FEED is a book about living with zombies. More precisely, it is about living in a near future where zombies have appeared and the world has entered into an uneasy equilibrium with them. The protagonists are young bloggers who are chosen to cover a presidential campaign; for them, the break that propels them into the big leagues - and a step up from poking zombies with sticks on camera.

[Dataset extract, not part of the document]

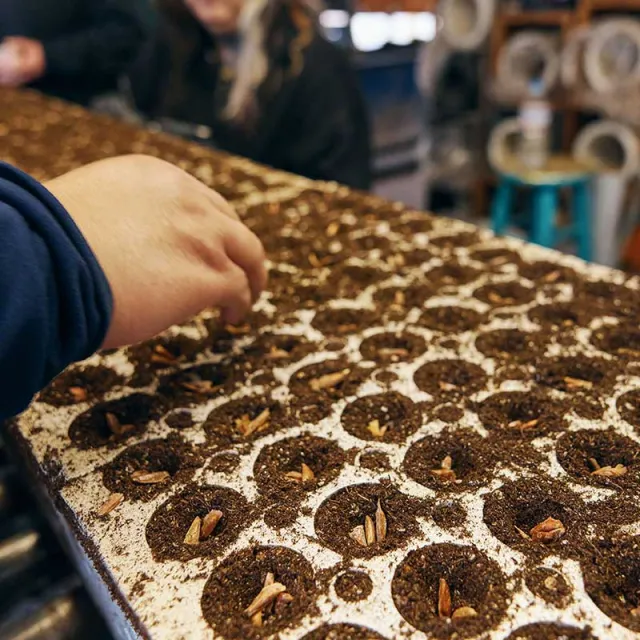 A hand planting seeds into a tray filled with soil, showcasing round cells ready for germination.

The author, Seanan McGuire, writing as Mira Grant, paints a convincing and thorough picture of life after the Rising. The story, told from the point of view of Georgia Mason (the name George, after George Romero, and its derivatives are the most common names for the children of the initial outbreak’s survivors), can be a little heavy on exposition, is rife with pop culture references (bloggers that poke zombies with sticks are called Irwins, after Steve Irwin the Crocodile Hunter; those that publish opinion backed up by fact are called Stewarts, after John Stewart of the Daily Show), and at times veers off into overly colloquial territory, but is otherwise entertaining and easy to read.

This is the first novel-length work of fiction I’ve read since Cory Doctorow’s Little Brother, to which I credit the author’s Big Idea piece on John Scalzi’s blog. Combined with a set of sample chapters delivered wirelessly to my Kindle, I was grabbed and pulled right in, just like the victims of the zombies that inhabit the book’s world. I’m only 20% in so far, so if it goes pear shaped later on, don’t blame me. So far, though, FEED is keeping me completely entertained.